The higher percentage of CERB recipients among Indigenous workers reflect, in part, their overrepresentation in jobs that provide relatively low annual earnings. According to the 2016 Census, the median employment income of Inuit ($20,984), First Nations ($23,345) and Métis ($31,423) was less than that of non-Indigenous people ($34,013).

The Indigenous population is also significantly younger than the non-Indigenous population which, given the greater percentage of CERB recipients among youth across Canada, also helps to explain the greater proportion of Indigenous workers who received CERB payments in 2020.

  Note to readers

In March 2020, the federal government introduced emergency measures to provide temporary financial support to workers, students and businesses affected by the economic lockdowns triggered by COVID-19.

These measures included the Canada Emergency Response Benefit (CERB), available to Canadians who had lost their job or were working reduced hours, the Canada Emergency Wage Subsidy, to assist businesses, including the self-employed, and the Canada Emergency Student Benefit, to provide financial support to students.

CERB was available to: individuals residing in Canada who were at least 15 years old; who had stopped working or had been working reduced hours because of COVID-19; who did not expect to earn over $1,000 in employment or self-employment income for at least 14 days in a row during a four week period; who had employment and/or self-employment income of at least $5,000 in 2019 or in the 12 months prior to the date of their application; and who had not quit their job voluntarily.

Because information on employment income in the 12 months prior to the date of application is not available and because information on employees who quit their job has yet to be integrated in the data, the focus of the analysis is on workers who earned at least $5,000 in 2019. For the same reasons, the proportion of workers receiving the benefit shown in this release equal the percentage of workers who received CERB payments in 2020 among those who earned at least $5,000 in 2019. This percentage should be interpreted as a baseline statistic for workers in a given industry or group. It is not intended to represent workers who could have been eligible for CERB in the case of a job interruption.

The CERB data highlighted in this release come from Employment and Social Development Canada (ESDC) and contain information on initial payments from both streams of the program, one administered by ESDC and the other by the Canada Revenue Agency on its behalf.

Earnings in 2019 were gleaned from employee T4 slips and net self-employment income and eligible dividends reported on T1 Income Tax and Benefit Return forms. Main industry of employment was determined from the industry of activity of the business responsible for the most earnings in 2019.

The immigrant status and period of immigration characteristics were obtained from the Longitudinal Immigration Database, which contains data on immigrants who landed in Canada from January 1, 1980, to December 31, 2019.

Other characteristics, such as Indigenous identity and visible minority status, were integrated from responses to the 2016 Census of Population. Information on CERB payments by Indigenous identity and visible minority status are therefore only available for respondents to the 2016 Census. So, the proportions presented for those groups do not include persons who were not in Canada at the time, nor those living on incompletely or partially enumerated reserves in 2016.

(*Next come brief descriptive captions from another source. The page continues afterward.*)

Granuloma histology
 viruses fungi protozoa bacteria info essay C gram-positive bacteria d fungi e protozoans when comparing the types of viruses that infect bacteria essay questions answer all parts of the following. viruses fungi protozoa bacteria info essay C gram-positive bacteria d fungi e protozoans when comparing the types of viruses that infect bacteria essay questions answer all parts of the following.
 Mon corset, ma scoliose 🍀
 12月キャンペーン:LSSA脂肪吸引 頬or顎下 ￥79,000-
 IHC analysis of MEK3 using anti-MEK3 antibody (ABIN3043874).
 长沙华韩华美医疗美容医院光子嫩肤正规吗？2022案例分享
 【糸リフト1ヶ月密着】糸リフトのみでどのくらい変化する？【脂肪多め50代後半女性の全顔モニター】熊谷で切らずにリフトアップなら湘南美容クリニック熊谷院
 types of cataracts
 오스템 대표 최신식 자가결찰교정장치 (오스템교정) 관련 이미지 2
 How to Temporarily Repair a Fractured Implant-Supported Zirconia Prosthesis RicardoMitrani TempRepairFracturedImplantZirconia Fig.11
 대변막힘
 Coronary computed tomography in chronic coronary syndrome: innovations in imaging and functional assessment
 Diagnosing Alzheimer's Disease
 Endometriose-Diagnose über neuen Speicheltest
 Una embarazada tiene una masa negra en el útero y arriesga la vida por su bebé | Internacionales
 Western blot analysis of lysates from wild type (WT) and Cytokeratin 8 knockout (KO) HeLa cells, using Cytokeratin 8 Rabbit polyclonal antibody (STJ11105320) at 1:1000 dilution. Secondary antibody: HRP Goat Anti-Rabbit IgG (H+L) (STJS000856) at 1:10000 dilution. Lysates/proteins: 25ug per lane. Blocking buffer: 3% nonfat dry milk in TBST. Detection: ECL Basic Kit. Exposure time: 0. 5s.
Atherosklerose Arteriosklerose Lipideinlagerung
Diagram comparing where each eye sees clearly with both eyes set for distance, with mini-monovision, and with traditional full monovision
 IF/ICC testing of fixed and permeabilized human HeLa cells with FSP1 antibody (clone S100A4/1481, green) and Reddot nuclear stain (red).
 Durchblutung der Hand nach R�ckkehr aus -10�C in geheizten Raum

In this release, "Indigenous people" refers to First Nations people, Métis and Inuit. The term "First Nations people" includes those living on and off reserve, and include both Status and non-Status Indians.

Products

The paper "Workers receiving payments from the Canada Emergency Response Benefit program in 2020", is now available.

Contact information

For more information, or to enquire about the concepts, methods or data quality of this release, contact us (toll-free 1-800-263-1136; 514-283-8300; STATCAN.infostats-infostats.STATCAN@canada.ca) or Media Relations (613-951-4636; STATCAN.mediahotline-ligneinfomedias.STATCAN@canada.ca).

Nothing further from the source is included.